Taking the derivative of a function tells you something about how it behaves. A function is made up out of numbers and variables, added and factored together in different combinations. When you calculate the derivative of a function, or differentiate it, you see how that function changes when its variables change. To differentiate a function with respect to the variable x, for example, you must simply make a few changes to each term.

Erase the first term if it does not have an x in it. Terms are numbers, variables and expressions multiplied together. They are separated from each other by addition and subtraction signs. For example, if your first term is 43y, then erase it. Erase every other term with no x in it.

Take the derivative of the first term that is a function of x. To do this, multiply the first term of the function by the exponent of the x, then subtract one from that exponent. For example, if the term is abx^3, then you multiply the whole term by three, which is the exponent of x, then subtract one from three, resulting in 3abx^2. Adjust every other term in the same manner. These first two steps are the most basic form of taking the derivative of a term with respect to x.

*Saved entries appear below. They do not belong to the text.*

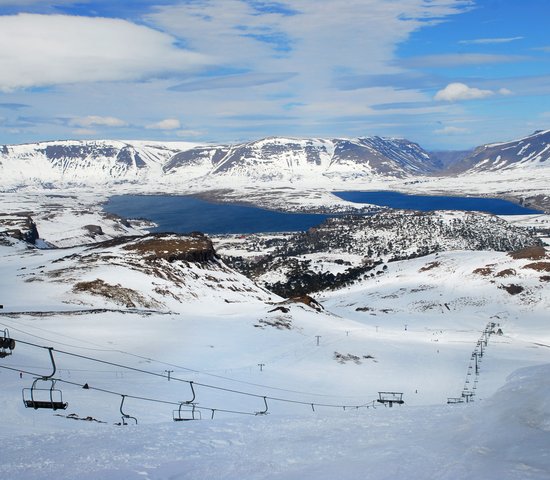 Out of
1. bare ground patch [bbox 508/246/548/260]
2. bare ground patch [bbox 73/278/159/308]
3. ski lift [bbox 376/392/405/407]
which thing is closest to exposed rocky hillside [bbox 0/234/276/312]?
bare ground patch [bbox 73/278/159/308]

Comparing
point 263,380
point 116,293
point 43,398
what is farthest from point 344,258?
point 43,398

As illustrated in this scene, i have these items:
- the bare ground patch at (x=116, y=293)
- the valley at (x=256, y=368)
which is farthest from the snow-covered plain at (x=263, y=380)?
the bare ground patch at (x=116, y=293)

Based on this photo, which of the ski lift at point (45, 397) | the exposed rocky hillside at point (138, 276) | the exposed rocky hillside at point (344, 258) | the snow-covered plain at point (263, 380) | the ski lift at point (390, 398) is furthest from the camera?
the exposed rocky hillside at point (344, 258)

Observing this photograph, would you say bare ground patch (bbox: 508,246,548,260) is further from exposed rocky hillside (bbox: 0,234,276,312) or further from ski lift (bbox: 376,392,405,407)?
ski lift (bbox: 376,392,405,407)

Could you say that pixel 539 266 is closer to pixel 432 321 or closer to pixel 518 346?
pixel 432 321

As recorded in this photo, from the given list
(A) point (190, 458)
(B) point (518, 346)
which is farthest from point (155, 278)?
(A) point (190, 458)

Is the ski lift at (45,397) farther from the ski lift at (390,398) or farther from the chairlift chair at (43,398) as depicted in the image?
the ski lift at (390,398)

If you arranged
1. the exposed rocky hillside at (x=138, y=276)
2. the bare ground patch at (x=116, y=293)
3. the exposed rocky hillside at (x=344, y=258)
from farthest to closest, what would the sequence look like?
the exposed rocky hillside at (x=344, y=258)
the exposed rocky hillside at (x=138, y=276)
the bare ground patch at (x=116, y=293)

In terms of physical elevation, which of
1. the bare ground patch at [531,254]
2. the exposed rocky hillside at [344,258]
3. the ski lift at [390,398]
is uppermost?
the bare ground patch at [531,254] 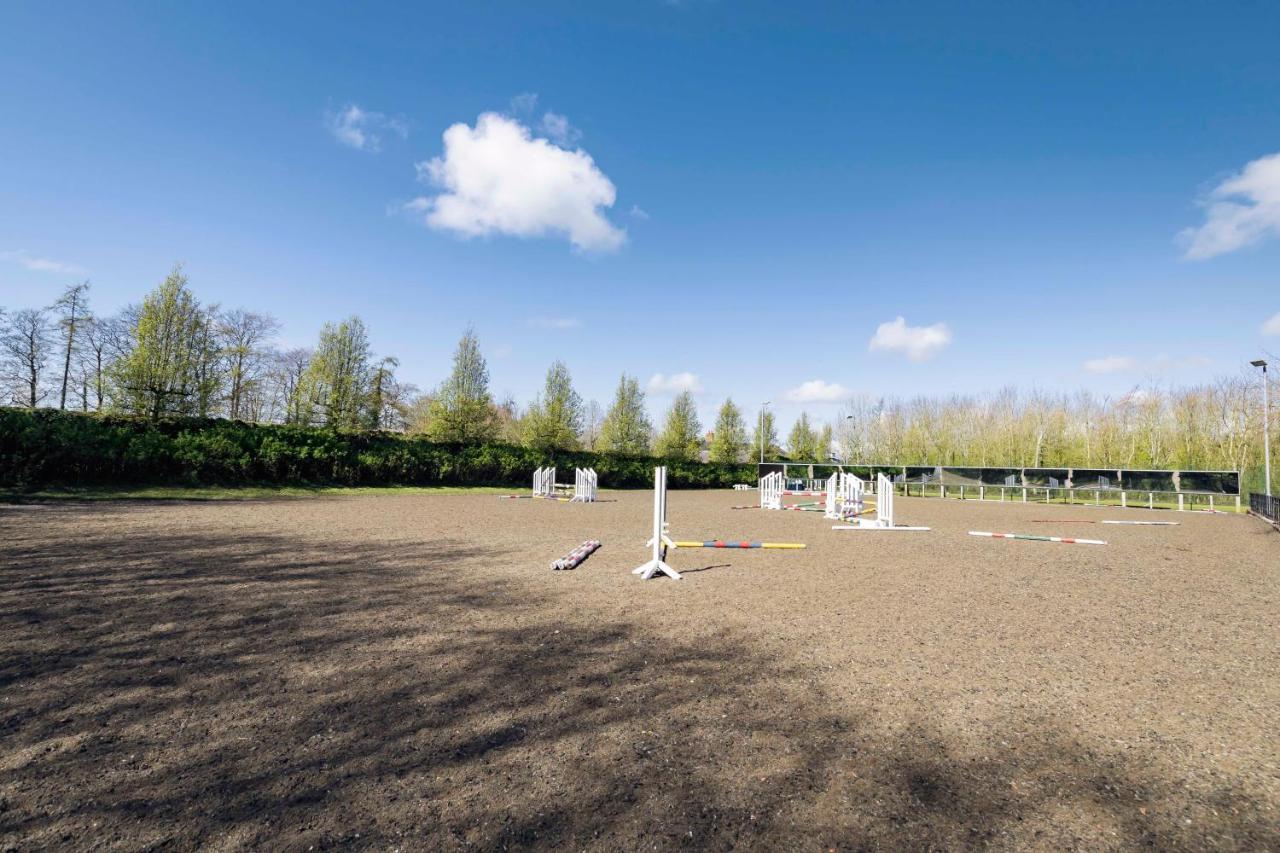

Take the derivative of the first term that is made of two functions of x multiplied together. To do this, first take the derivatives of each of the two functions and record them. Next, multiply the first function by the derivative of the second function. Multiply the second function by the derivative of the first. Add the products together. Adjust all other terms made of two functions of x multiplied together in the same manner.

Take the derivative of the first term that is made of one function of x divided by another. Take the derivative of both the numerator and the denominator. Multiply the denominator by the derivative of the numerator. Call this "product one." Multiply the numerator by the derivative of the denominator. Call this "product two." Subtract product two from product one. Divide this result by the square of the denominator.

Take the derivative of trigonometric functions by replacing each sin(x) with a cos(x), each cos(x) with a sin(x), and each tan(x) with a sec^2(x). Replace each cot(x) with a csc^2(x), each sec(x) with a sec(x)tan(x) and every csc(x) with a csc(x)cot(x).

Replace every natural logarithm with the expression 1/x. Leave any constant e raised to the x power alone. Though it may seem counterintuitive, the derivative of e^x is e^x. Multiply any other number or variable raised to the x power by the natural logarithm of that number.